Namun, semangat #WeGoBeyond yang digaungkan oleh Amartha tidak berhenti pada garis finis. Founder dan CEO Amartha Financial, Andi Taufan, mengaitkan erat filosofi lari dengan perjuangan harian para perempuan pelaku UMKM yang menjadi mitra mereka selama 16 tahun terakhir. Dalam perspektif kesehatan holistik, pemberdayaan ekonomi memiliki korelasi kuat dengan derajat kesehatan masyarakat.
Ketika lebih dari 4 juta UMKM di 50.000 perdesaan diperkuat modal dan pendampingan, tekanan psikososial akibat kemiskinan berkurang, akses terhadap gizi dan layanan kesehatan meningkat, dan stres kronis yang menjadi pemicu berbagai penyakit degeneratif dapat ditekan. Lintasan lari sepanjang puluhan kilometer menjadi metafora bagi perjalanan panjang para ibu-ibu desa yang setiap hari “berlari” mengatasi keterbatasan untuk membangun kehidupan yang lebih baik—sebuah bentuk terapi sosial dan ekonomi yang saling menguatkan.
Di balik aspek kompetisi dan pemberdayaan, penyelenggara juga menunjukkan perhatian serius pada aspek fisiologis dan nutrisi pelari.
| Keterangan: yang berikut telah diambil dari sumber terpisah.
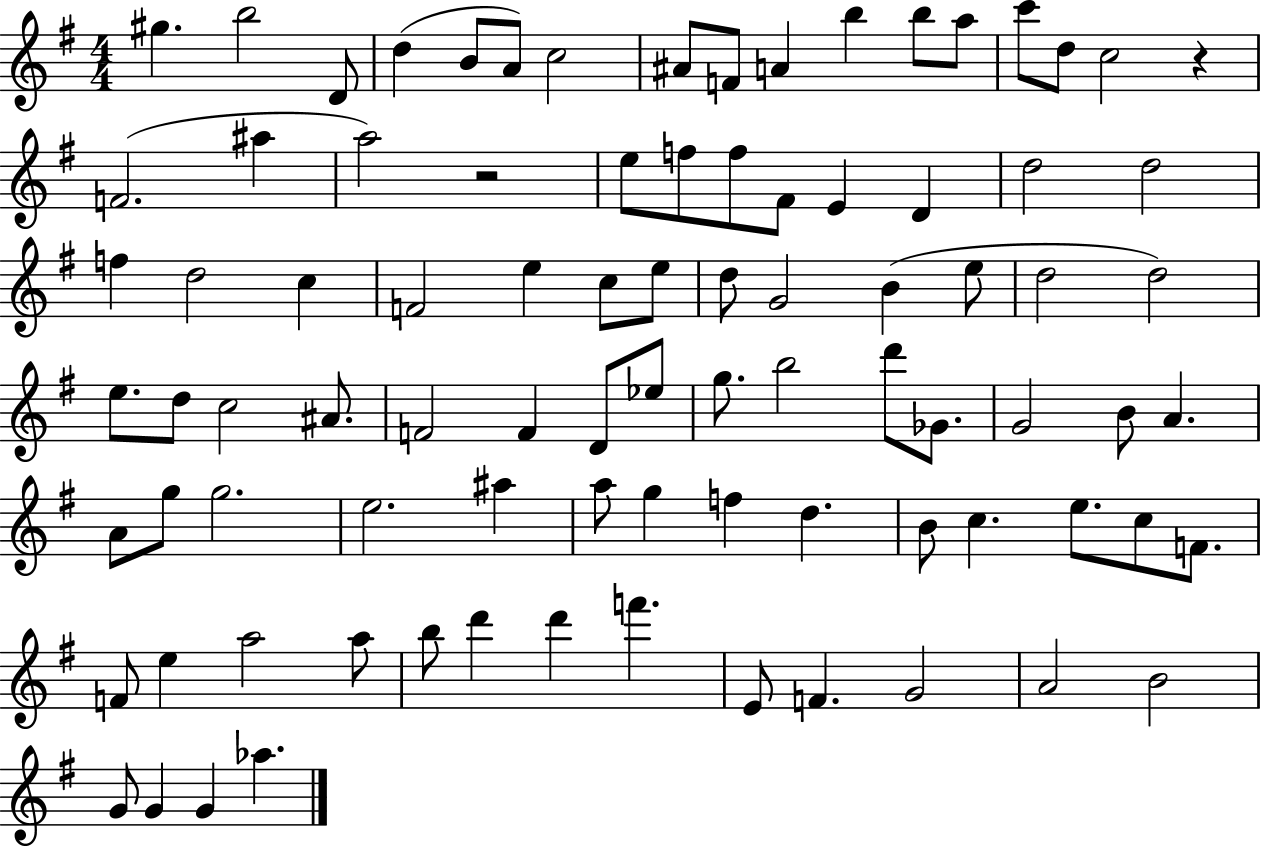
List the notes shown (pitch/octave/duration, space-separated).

G#5/q. B5/h D4/e D5/q B4/e A4/e C5/h A#4/e F4/e A4/q B5/q B5/e A5/e C6/e D5/e C5/h R/q F4/h. A#5/q A5/h R/h E5/e F5/e F5/e F#4/e E4/q D4/q D5/h D5/h F5/q D5/h C5/q F4/h E5/q C5/e E5/e D5/e G4/h B4/q E5/e D5/h D5/h E5/e. D5/e C5/h A#4/e. F4/h F4/q D4/e Eb5/e G5/e. B5/h D6/e Gb4/e. G4/h B4/e A4/q. A4/e G5/e G5/h. E5/h. A#5/q A5/e G5/q F5/q D5/q. B4/e C5/q. E5/e. C5/e F4/e. F4/e E5/q A5/h A5/e B5/e D6/q D6/q F6/q. E4/e F4/q. G4/h A4/h B4/h G4/e G4/q G4/q Ab5/q.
Sepanjang lintasan, para peserta disambut oleh water station yang tidak hanya menyediakan hidrasi, tetapi juga asupan energi cepat dari berbagai kudapan sehat dan restoratif, mulai dari nugget protein tinggi, permen untuk gula darah instan, keju, bagel, hingga jus jeruk yang kaya vitamin C. Strategi ini penting untuk menjaga kadar glikogen dan mencegah hipoglikemia di tengah lomba, sekaligus mendidik pelari bahwa pemulihan energi tidak kalah pentingnya dengan kecepatan berlari.
Pengalaman sehat ini mencapai puncaknya di race village yang bertema perdesaan, sebuah oase pemulihan yang dirancang untuk menurunkan hormon kortisol (stres) pasca-lomba. Peserta diajak untuk rileks, bermain permainan tradisional, dan membawa pulang elemen alam seperti ikan cupang, buah, serta sayur segar. Ini bukan sekadar oleh-oleh, melainkan pesan simbolis tentang pentingnya mengonsumsi pangan bernutrisi untuk regenerasi sel otot dan mengembalikan cairan tubuh yang hilang. Interaksi dengan para perajin UMKM yang hadir langsung pun menjadi terapi sosial yang memperkaya kesehatan emosional.